On 21st May 2016 State Bank of Pakistan (SBP) issued Monetary Policy Statement for next two months. It has attracted mixed reaction, some term it too little and too late, while many term it a surprising move. However, a few term it an anticipated move and the evidence was rejection of all the bids received in the recent auction of Pakistan Investment Bonds (PIBs).

Many of the financial sector experts were under the impression that in May the SBP would increase the policy rate. This mindset was evident in PIB auction and SBP stance demonstrated though rejection of all the bids. However, one completely fails to understand the logic behind 25 basis point reduction. If the PML-N government is serious in boosting GDP growth rate, it has to reduce the policy rate minimum by 100 basis points.

It is pertinent to note that SBP last cut the rates by 50bps in September 2015 and since then it has been maintaining status quo in subsequent announcement. SBP forecasts headline inflation (CPI) to remain within targets for the CY16 and going into CY17 to gain upward momentum. However, missed GDP growth target of 5.5% remained major concern and rate cut is expected to help spur growth.

Even though the inflation has been on the rise for past 7 months, SBP expected the outlook to remain low for CY16. However, with rising oil and commodities prices and expected imposition of certain tax measures by the Government in upcoming budget the SBP forecast the inflation to gain upward momentum in CY17.

Large Scale manufacturing (LSM), mainly supported by construction and consumer durables, automobiles, fertilizers, and cement production, grew 4.7% in the July-March CY16 compared to 2.8% a year ago. The growth is expected to gain further on the back of improved electricity and security situation, according to SBP.
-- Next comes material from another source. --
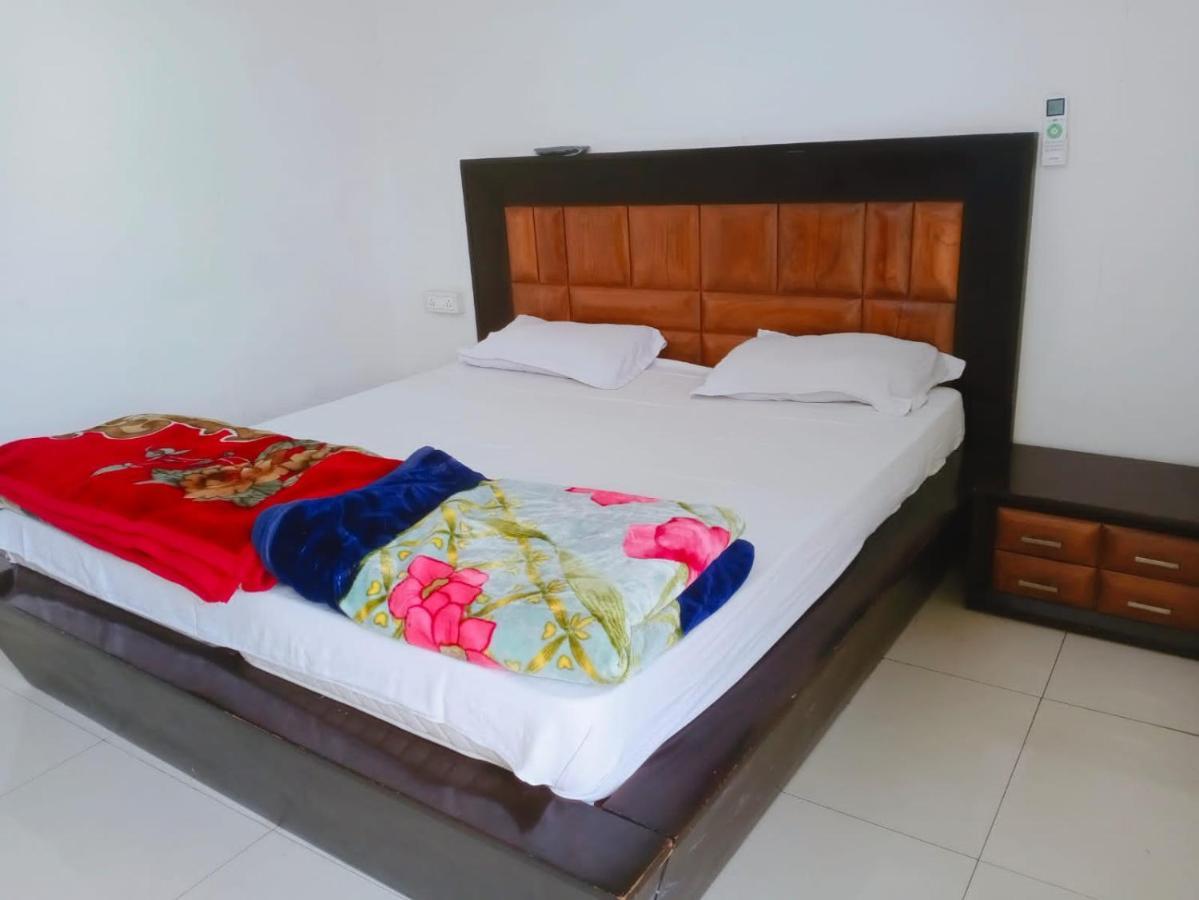 Homestay Ac Dormitory New Delhi Ngoại thất bức ảnh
SBP also noted stability in balance of payments and upward trajectory in foreign exchange reserves on account of healthy workers’ remittances and lower international oil prices to keep the situation within manageable levels. Furthermore, SBP remained optimistic on external front, likely on account of continued workers’ remittances and bilateral inflows owing to various projects under CPEC.

Equity markets in general would perceive 25bps cut optimistic as it inflates the valuation especially for highly leveraged companies and sectors. Analysts maintain their likeness for cement, fertilizer, textile and other manufacturing base sectors which would remain in limelight going forward. Margins for banking sector are likely to shrink further thus putting banks under pressure. However, their profitability is likely to remain intact due to revaluation gains in PIB’s portfolio.

Some market analysts see room for further reduction of rates, to spur growth. However, many expect SBP to keep rates on hold in near future, owing to rising inflation. A marginal upward move in inflation figures in upcoming months would be in line with SBP estimates. However if those numbers inflate somehow, SBP will have to revisit its rates policy sooner than later.